++++ Data to examine ++++

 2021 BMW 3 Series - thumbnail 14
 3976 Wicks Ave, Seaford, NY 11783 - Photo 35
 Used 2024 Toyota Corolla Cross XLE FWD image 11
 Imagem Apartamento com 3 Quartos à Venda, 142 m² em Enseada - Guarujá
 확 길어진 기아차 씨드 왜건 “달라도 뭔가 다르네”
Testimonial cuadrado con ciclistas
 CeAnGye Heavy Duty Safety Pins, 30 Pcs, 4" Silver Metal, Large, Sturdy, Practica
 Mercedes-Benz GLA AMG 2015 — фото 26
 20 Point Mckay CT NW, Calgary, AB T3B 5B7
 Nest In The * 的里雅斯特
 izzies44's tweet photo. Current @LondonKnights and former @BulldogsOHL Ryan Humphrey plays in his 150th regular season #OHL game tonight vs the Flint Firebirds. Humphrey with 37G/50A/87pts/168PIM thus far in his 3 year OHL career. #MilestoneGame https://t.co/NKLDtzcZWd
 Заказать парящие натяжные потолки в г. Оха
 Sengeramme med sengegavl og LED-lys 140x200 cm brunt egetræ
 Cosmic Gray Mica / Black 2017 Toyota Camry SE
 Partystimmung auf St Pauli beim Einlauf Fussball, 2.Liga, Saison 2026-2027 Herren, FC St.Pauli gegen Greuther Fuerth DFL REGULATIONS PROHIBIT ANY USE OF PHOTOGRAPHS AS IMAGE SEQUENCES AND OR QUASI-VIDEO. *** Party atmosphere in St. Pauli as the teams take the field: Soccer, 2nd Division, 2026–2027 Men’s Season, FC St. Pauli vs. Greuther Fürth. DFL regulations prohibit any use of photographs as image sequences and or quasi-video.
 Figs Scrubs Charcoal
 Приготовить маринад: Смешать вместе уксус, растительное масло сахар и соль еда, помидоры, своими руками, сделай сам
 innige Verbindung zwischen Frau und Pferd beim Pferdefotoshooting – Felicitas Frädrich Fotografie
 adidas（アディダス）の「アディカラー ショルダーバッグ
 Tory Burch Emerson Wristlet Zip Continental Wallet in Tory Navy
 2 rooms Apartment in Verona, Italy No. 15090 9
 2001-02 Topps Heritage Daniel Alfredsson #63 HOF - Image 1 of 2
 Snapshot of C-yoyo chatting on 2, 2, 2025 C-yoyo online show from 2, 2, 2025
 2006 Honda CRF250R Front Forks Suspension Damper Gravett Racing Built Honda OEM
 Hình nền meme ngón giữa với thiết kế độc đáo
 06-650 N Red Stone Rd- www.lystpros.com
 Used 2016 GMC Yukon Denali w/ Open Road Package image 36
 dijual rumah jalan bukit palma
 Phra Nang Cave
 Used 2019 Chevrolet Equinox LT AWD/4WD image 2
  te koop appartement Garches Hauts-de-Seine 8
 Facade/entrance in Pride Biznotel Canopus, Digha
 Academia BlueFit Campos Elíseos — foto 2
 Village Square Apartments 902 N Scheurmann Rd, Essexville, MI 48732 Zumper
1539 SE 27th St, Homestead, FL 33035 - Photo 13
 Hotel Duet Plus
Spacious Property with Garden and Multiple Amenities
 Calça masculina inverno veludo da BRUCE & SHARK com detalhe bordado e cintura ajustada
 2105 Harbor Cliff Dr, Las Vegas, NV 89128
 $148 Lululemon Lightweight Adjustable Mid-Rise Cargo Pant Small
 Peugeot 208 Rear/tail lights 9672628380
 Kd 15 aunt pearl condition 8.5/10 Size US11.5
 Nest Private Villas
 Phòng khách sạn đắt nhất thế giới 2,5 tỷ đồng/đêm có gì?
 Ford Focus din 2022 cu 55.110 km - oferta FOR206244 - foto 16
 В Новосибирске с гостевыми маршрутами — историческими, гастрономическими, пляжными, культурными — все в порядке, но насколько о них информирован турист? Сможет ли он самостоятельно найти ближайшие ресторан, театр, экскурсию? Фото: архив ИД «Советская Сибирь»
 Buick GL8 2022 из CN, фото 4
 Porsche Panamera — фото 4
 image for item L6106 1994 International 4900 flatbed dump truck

++++

→ Action item
Return each line of the data that contains the string "Nest".

→ Answer
 Nest In The * 的里雅斯特
 Nest Private Villas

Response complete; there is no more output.